Exercise directions: After the line containing "4628 Interpike Rd, Durham, NC 27704 photo 11", write nothing more; before it, reproduce every line of the material below exactly, starting with the first.

Provided data:
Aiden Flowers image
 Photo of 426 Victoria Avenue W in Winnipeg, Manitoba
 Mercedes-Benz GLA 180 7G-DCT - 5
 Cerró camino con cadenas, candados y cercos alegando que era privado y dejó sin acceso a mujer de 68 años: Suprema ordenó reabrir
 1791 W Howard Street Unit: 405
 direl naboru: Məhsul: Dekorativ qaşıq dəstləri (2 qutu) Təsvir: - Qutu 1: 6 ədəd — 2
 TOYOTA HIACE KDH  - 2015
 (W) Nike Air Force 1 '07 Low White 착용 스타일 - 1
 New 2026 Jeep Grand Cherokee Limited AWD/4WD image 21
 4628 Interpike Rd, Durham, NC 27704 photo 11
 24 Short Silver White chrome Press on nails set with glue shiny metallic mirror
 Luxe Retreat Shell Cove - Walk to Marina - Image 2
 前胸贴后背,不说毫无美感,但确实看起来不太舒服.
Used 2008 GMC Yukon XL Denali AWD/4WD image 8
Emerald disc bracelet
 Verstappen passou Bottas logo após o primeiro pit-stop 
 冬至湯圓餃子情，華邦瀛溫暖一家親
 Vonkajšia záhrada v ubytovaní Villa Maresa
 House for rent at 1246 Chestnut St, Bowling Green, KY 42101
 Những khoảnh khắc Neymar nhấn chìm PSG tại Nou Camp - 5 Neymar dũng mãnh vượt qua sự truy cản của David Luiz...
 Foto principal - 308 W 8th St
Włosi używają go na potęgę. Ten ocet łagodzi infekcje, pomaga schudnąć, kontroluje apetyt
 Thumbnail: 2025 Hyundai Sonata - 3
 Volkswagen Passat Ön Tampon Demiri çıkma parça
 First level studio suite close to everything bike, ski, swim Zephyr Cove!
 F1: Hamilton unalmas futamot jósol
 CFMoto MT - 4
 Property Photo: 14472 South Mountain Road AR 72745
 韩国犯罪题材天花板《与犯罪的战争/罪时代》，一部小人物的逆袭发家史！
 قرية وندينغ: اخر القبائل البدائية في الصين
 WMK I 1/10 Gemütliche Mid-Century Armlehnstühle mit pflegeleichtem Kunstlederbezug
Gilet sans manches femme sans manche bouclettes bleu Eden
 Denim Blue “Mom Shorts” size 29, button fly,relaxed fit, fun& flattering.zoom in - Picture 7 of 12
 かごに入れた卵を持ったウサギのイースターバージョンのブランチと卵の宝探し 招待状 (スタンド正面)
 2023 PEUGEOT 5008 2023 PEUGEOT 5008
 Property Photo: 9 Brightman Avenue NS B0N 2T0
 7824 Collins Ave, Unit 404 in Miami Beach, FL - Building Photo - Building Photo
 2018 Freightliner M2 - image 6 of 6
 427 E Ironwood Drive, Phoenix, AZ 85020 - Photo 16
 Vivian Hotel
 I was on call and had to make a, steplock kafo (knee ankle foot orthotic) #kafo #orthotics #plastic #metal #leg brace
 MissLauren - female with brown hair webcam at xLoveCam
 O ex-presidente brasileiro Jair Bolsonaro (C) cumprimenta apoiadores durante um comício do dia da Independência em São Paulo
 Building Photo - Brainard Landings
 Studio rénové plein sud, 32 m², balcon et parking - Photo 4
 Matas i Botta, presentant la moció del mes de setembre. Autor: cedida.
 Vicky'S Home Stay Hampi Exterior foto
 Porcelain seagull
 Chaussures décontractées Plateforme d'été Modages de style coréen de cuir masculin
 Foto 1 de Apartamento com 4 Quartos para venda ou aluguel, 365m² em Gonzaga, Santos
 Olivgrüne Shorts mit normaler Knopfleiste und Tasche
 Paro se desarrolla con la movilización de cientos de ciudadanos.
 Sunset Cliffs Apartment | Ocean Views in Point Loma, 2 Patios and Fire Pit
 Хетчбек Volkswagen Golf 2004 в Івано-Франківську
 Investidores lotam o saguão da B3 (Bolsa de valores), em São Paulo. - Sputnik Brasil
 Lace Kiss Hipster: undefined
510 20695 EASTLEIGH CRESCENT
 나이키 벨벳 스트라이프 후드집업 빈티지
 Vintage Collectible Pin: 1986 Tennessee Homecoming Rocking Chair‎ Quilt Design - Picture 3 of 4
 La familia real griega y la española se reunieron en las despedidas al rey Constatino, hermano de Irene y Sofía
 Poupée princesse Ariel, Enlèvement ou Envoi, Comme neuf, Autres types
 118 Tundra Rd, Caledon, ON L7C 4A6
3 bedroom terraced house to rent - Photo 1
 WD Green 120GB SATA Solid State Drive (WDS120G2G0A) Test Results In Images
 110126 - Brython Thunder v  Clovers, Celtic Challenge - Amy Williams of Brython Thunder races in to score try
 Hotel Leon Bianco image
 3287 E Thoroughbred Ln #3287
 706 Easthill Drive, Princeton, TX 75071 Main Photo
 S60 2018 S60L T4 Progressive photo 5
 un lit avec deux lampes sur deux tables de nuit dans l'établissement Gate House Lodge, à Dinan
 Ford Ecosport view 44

Written response:
Aiden Flowers image
 Photo of 426 Victoria Avenue W in Winnipeg, Manitoba
 Mercedes-Benz GLA 180 7G-DCT - 5
 Cerró camino con cadenas, candados y cercos alegando que era privado y dejó sin acceso a mujer de 68 años: Suprema ordenó reabrir
 1791 W Howard Street Unit: 405
 direl naboru: Məhsul: Dekorativ qaşıq dəstləri (2 qutu) Təsvir: - Qutu 1: 6 ədəd — 2
 TOYOTA HIACE KDH  - 2015
 (W) Nike Air Force 1 '07 Low White 착용 스타일 - 1
 New 2026 Jeep Grand Cherokee Limited AWD/4WD image 21
 4628 Interpike Rd, Durham, NC 27704 photo 11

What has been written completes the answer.